(Beginning of Data supplied)

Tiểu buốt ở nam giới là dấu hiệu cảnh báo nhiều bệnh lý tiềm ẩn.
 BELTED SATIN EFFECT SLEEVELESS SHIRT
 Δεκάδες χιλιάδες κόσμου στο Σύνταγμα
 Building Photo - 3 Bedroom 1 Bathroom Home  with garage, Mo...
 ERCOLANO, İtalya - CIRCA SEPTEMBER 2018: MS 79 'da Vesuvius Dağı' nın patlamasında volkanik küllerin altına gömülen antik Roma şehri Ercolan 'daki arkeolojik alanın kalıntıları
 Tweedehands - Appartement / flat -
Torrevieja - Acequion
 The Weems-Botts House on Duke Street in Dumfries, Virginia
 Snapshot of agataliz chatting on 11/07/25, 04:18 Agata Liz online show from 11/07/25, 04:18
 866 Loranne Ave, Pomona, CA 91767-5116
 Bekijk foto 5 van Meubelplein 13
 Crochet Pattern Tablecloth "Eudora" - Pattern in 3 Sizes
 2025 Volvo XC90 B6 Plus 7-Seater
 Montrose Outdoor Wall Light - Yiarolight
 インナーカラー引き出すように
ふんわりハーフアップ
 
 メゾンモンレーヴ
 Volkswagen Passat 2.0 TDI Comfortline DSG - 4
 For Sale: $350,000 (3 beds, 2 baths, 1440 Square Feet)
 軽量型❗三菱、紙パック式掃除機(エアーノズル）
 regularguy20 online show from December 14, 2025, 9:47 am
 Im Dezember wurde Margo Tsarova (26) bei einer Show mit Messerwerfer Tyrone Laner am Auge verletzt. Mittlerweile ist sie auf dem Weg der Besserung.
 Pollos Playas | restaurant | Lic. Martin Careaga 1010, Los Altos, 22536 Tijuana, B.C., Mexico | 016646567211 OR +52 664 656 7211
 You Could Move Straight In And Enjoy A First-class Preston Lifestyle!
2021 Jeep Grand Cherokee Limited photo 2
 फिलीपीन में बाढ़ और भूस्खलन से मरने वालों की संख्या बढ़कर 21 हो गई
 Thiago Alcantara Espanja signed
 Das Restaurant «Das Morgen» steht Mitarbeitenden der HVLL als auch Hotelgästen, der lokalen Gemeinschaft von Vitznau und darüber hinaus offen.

(End of Data supplied)

# Work to be completed:
Working from the records above, write out verbatim only the lines from the line containing "Torrevieja - Acequion" through the line containing "Montrose Outdoor Wall Light - Yiarolight".

# Solution:
Torrevieja - Acequion
 The Weems-Botts House on Duke Street in Dumfries, Virginia
 Snapshot of agataliz chatting on 11/07/25, 04:18 Agata Liz online show from 11/07/25, 04:18
 866 Loranne Ave, Pomona, CA 91767-5116
 Bekijk foto 5 van Meubelplein 13
 Crochet Pattern Tablecloth "Eudora" - Pattern in 3 Sizes
 2025 Volvo XC90 B6 Plus 7-Seater
 Montrose Outdoor Wall Light - Yiarolight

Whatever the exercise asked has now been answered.